From kragen@dnaco.net Thu Jul 30 14:10:02 1998
Date: Thu, 30 Jul 1998 14:10:00 -0400 (EDT)
From: Kragen <kragen@dnaco.net>
To: James Weirich <james.weirich@sdrc.com>
cc: clug-user@clug.org
Subject: Re: OO in C (was Re: KDE crap)
In-Reply-To: <199807301700.NAA21833@sgcpu12>
Message-ID: <Pine.SUN.3.96.980730133002.21649D-100000@picard.dnaco.net>
MIME-Version: 1.0
Content-Type: TEXT/PLAIN; charset=US-ASCII
X-Keywords:
X-UID: 895
Status: O
X-Status: 

I hope these programming posts don't scare off the newbies.  It
certainly isn't necessary to understand them to use Linux.  :)

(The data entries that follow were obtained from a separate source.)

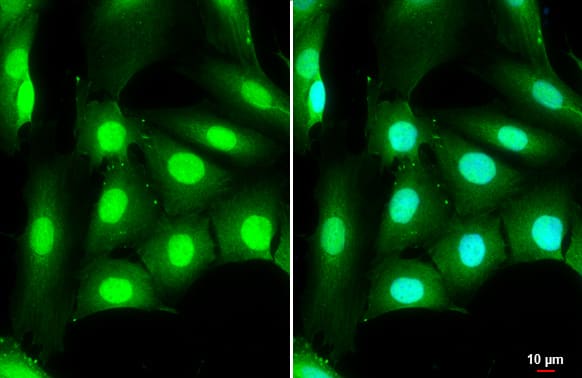 DDX3 Antibody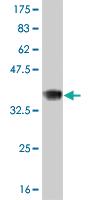 Anti-RCVRN Mouse Monoclonal Antibody [clone: 4C10]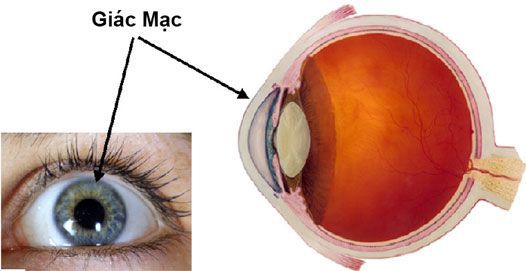 Các tật khúc xạ về mắt điều trị bằng cách nào an toàn nhất?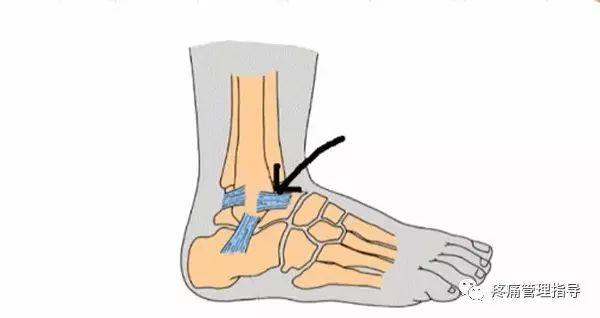 nba脚踝扭伤案例 NBA球星脚踝扭伤的处理方法(13)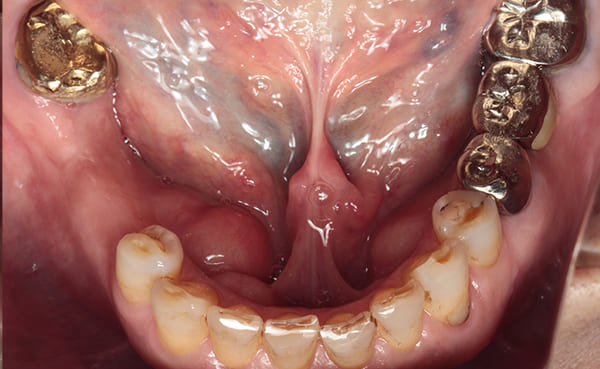 インプラント治療［4］咬合面術前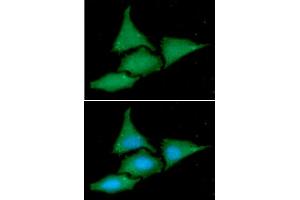 ICC/IF analysis of BAG2 in HeLa cells line, stained with DAPI (Blue) for nucleus staining and monoclonal anti-human BAG2 antibody (1:100) with goat anti-mouse IgG-Alexa fluor 488 conjugate (Green).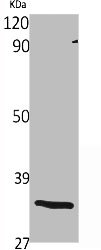 OR1S2 antibody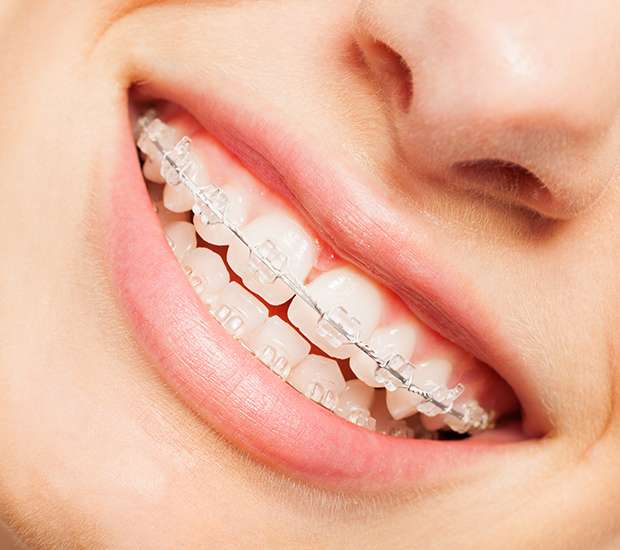 Spring Clear Braces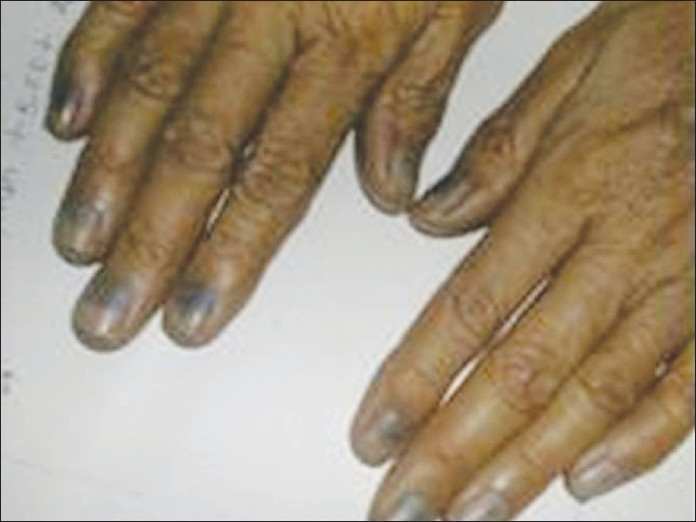 Nail dyschromias - Indian Journal of Dermatology, Venereology and Leprology
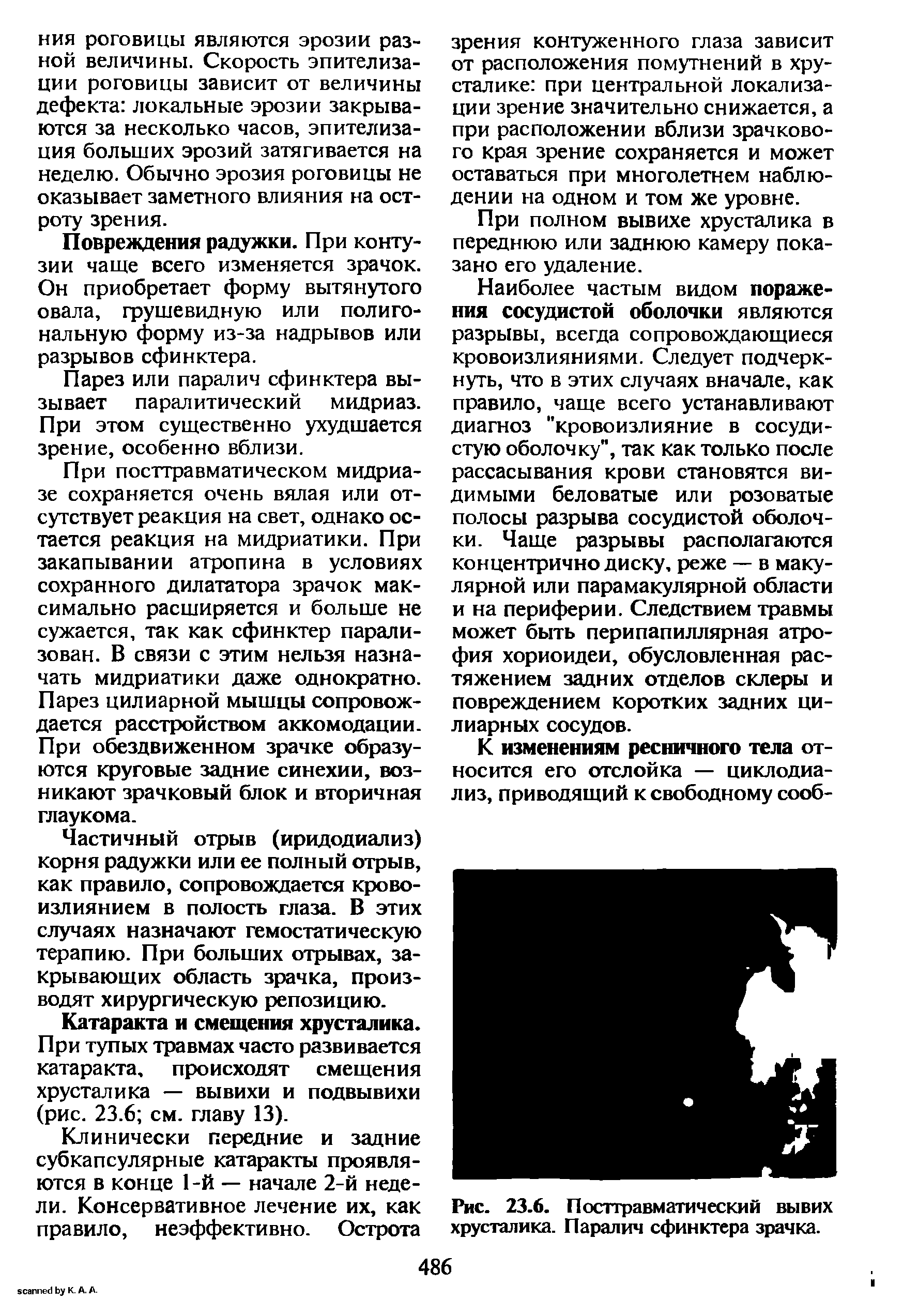 Рис. 23.6. Посттравматический вывих хрусталика. Паралич сфинктера зрачка.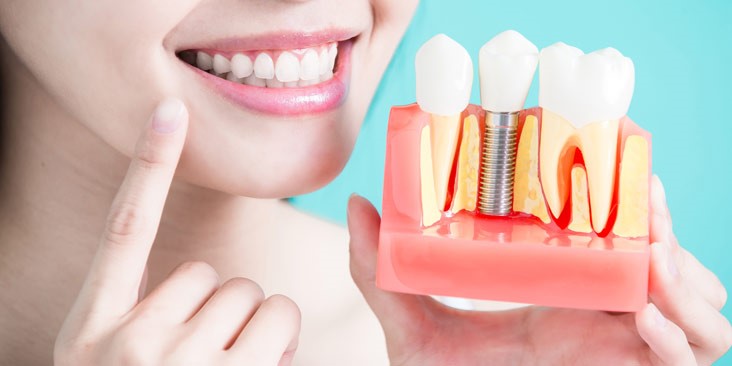 Bakteri yang menyebabkan peradangan di mulut hingga menimbulkan penyakit gusi dapat membuat gigi berdarah. Kenali Kenapa Gusi Berdarah Bagaimana Cara Mengatasi Dan Mencegahnya Happy Teeth Dental Care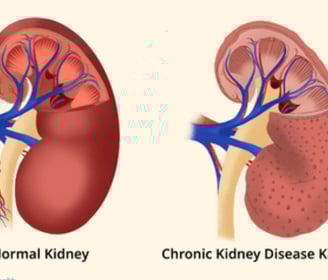 chronic kidney disease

On Thu, 30 Jul 1998, James Weirich wrote:
> >>>>> "Kragen" == Kragen  <kragen@pobox.com> writes:
>     Kragen> Actually, it's not too bad.  You don't have to do really
>     Kragen> awful-looking casts; you just have to do things like this:
> 
> Close ... You also need to pass in the object itself to each of your
> methods, otherwise you have no access to the private data of the
> object.

Whoops!  I, um, sort of missed that.  :)

> [... Kragen's example with an extra argument in the method calls ...]
> 
>     struct drawing_interface {
>         int (*draw)(struct drawn_object * obj);
>         int (*moveto)(struct drawn_object * obj, int x, int y);
>         int (*rmoveto)(struct drawn_object * obj, int dx, int dy);
>     };
> 
>     struct drawn_object {
>         struct drawing_interface *ftbl;
>         int *private_data;
>     };
> 
>     int f(struct drawn_object *x) {
>         return x->ftbl->rmoveto(x, 1, 1) &&
>                x-> ftbl->draw(x);
>     }

Yes, that looks more sensible.

Actually, you can write functions like these:
drawn_object_draw(drawn_object *x)  {
	x->ftbl->draw(x);
}
drawn_object_rmoveto(drawn_object *obj, int x, int y) {
	obj->ftbl->rmoveto(obj, x, y);
}

. . .but I'm not sure that's actually going to make the resulting code
any easier to read.

>     Kragen> You can make private_data a void* if you want, and store
>     Kragen> class-specific information in a class-specific struct,
>     Kragen> which requires somewhat-ugly casts inside your private
>     Kragen> functions, but if you're willing to store your data in an
>     Kragen> int array, you don't even need to do that.
> 
> I like the trick of storing storing data in a separate data structure,
> and would probably prefer the void pointer rather than an int array.
> (I used to store arbitrary data in int arrays, but that was in FORTRAN
> when I had little choice).

I figured int arrays would probably be all right for graphical shapes
-- you can even do things like:

#define center_x 0
#define center_y 1
#define radius 2
int circle_draw(drawn_object *circle) {
	XDrawCircle(xconn, xwnd, circle->data[center_x], 
		circle->data[center_y], circle->data[radius]);
	return 1;
}
/* . . . */
#undef center_x
#undef center_y
#undef radius

> This seems to work for this simple example. Most of your icky casting
> is inside your object (if you can't avoid icky casts, at least you can
> confine them).

Yes.  It's a lot nicer to deal with than operator overloading in C++. :)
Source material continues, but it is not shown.